As I mentioned in my Smoked Bacon, Courgette, Mushroom, Chive and Mozzarella Quiche post, this year I was lucky enough to win a bursary from the East Dulwich WI to attend a course at Denman College near Didcot in Oxfordshire. Luckily for both of us, my friend and former president of EDWI; Kirsten won the second bursary. Whilst our bursaries were sufficient to cover us financially to attend a day course, it seemed churlish not to chip in the bit extra to go for a full weekend (£330 with course ingredients included) – the college provides accommodation and food as part of the package. Our bursaries handily also covered our travel costs (£27.50 return train from Paddington)
After much perusing of the college brochure (it was a given we’d head to the cookery school rather than for a craft or ancillary course), and swearing at the website when the vast majority were fully booked or not available until late next year, we ended up booked on the “Pastry Weekender” course described as:
“If you are a fan of the Great British Bake Off or have always found pastry challenging, why not join our masterclass and take your skills to a new level by learning how to avoid crumbly pastry, soggy bottoms and shrinking sides? You will perfect pate sucree, shortcrust, choux, puff and hot water pastry, which you will turn into an array of delicious goodies to take home”
This post is primarily some information about Denman College itself, our experience of the facilities and the food we were fed. I just about managed to remember to take photos throughout the actual baking sessions so I have written these posts:
The pertinent question is really ‘Would I go Back?”. The easy answer is yes – next October as we’ve already booked up another course with the same tutor – Bring on Viennoiserie: Breakfast Pastries! (I believe there are still 3-4 spaces left if you fancy it!)

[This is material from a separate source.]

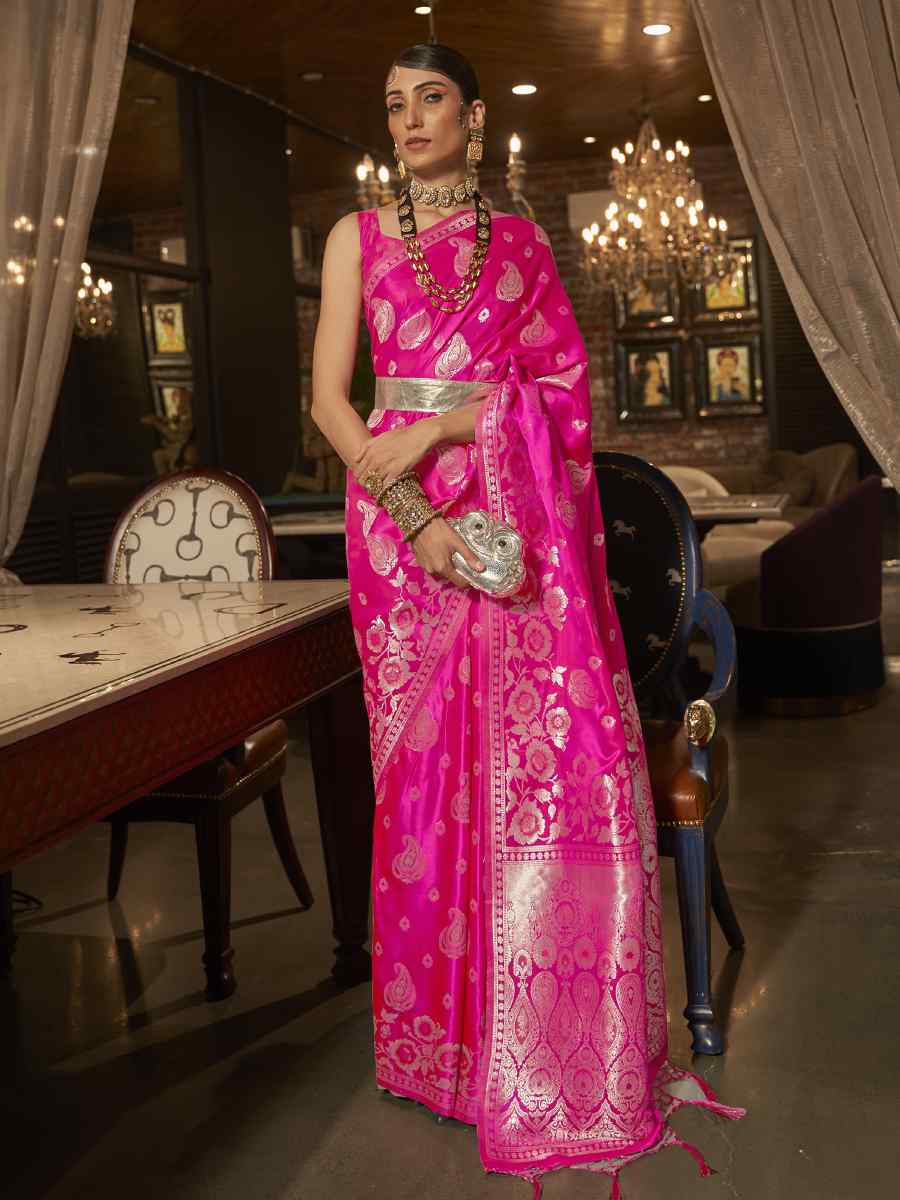 Pink Silk Handwoven Wedding Festival Heavy Border Saree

Denman College is owned by the National Federation of WIs, having been bequeathed to the organisation by a former president, Lady Denman to be utilised for education purposes. The campus is relatively small but provides quite a lot of surprisingly modern facilities. Some of the décor and furnishings aren’t really to my taste and I think I little bit more could be made of the drawing room (not pictured) and bar, etc but the organisation is a charity and funds to keep up such a large and old building are obviously limited.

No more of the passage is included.